UseJunior Book a Demo

safe-docx · XML Parsing

Element structure preservation through XML round-trip

When round-tripping XML content, serialized output needs to preserve the element names, attributes, and text that carry document meaning. A parser that drops or rewrites those pieces can make a later document operation work from a different structure than the one the caller supplied.

parseXml turns an XML string into a DOM document using XML parsing rules, and serializeXml turns that document back into XML text. The round-trip matters because parsing is often only the first step before another primitive reads or mutates the document tree.[1]

Below is a test scenario of the baseline successful case of parseXml: valid XML is parsed and immediately serialized.

The scenario

Given valid XML with a child element, an attribute, text, and a sibling element,
When the XML is parsed and immediately serialized,
Then

  • the serialized output contains child,
  • the serialized output contains attr="val",
  • the serialized output contains hello,
  • the serialized output contains sibling.

Test fixture

The scenario records the serialized output after the round-trip and checks the pieces that must survive the parse step. The DOM document is captured in result.doc, but the assertions are made against result.output.[2]

Below is the test fixture code.

test.openspec('parse and serialize preserves element structure')('Scenario: parse and serialize preserves element structure', async ({ when, then, attachPrettyJson }: AllureBddContext) => {
  const input = '<root><child attr="val">hello</child><sibling/></root>';
  let result!: { doc: ReturnType<typeof parseXml>; output: string };

  await when('valid XML is parsed and immediately serialized', async () => {
    const doc = parseXml(input);
    const output = serializeXml(doc);
    await attachPrettyJson('Round-trip', { input, output });
    result = { doc, output };
  });

  await then('the output SHALL contain all original elements, attributes, and text', () => {
    expect(result.output).toContain('child');
    expect(result.output).toContain('attr="val"');
    expect(result.output).toContain('hello');
    expect(result.output).toContain('sibling');
  });
});

Expected outcome

The scenario asserts predicates over the serialized XML string, so the expected outcome is the set of containment checks that must pass after parsing and serialization.

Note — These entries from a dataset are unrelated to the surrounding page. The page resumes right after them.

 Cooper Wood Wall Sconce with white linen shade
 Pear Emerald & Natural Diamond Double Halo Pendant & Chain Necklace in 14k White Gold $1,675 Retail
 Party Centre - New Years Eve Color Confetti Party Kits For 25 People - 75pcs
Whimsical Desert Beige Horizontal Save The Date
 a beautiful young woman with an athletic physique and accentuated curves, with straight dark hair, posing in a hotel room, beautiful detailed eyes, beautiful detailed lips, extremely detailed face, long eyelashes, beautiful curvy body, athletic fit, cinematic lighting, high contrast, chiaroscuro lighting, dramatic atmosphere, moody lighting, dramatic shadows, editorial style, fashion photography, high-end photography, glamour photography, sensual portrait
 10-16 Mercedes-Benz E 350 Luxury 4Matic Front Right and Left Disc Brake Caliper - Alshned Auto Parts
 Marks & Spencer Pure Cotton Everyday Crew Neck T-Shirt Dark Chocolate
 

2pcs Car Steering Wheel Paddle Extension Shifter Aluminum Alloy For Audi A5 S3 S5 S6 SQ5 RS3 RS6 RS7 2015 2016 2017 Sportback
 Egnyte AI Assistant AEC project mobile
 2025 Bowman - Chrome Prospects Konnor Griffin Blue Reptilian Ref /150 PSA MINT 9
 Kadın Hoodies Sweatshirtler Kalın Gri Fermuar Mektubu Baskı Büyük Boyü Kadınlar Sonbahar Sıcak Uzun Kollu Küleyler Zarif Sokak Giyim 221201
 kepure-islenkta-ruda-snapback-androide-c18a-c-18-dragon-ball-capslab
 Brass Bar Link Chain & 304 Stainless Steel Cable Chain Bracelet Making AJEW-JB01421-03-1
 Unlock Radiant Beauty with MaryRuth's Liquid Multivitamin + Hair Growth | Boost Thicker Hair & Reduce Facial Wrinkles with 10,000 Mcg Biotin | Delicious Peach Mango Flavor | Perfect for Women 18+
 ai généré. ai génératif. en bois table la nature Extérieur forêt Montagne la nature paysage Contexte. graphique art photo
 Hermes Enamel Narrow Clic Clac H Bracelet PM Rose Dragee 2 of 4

Below are the assertions that describe the expected serialized output for this scenario.

expect(result.output).toContain('child');
expect(result.output).toContain('attr="val"');
expect(result.output).toContain('hello');
expect(result.output).toContain('sibling');

The result.output field is expected to contain child, attr="val", hello, and sibling, because those values represent the original element name, attribute, text content, and sibling element that must remain present after the round-trip.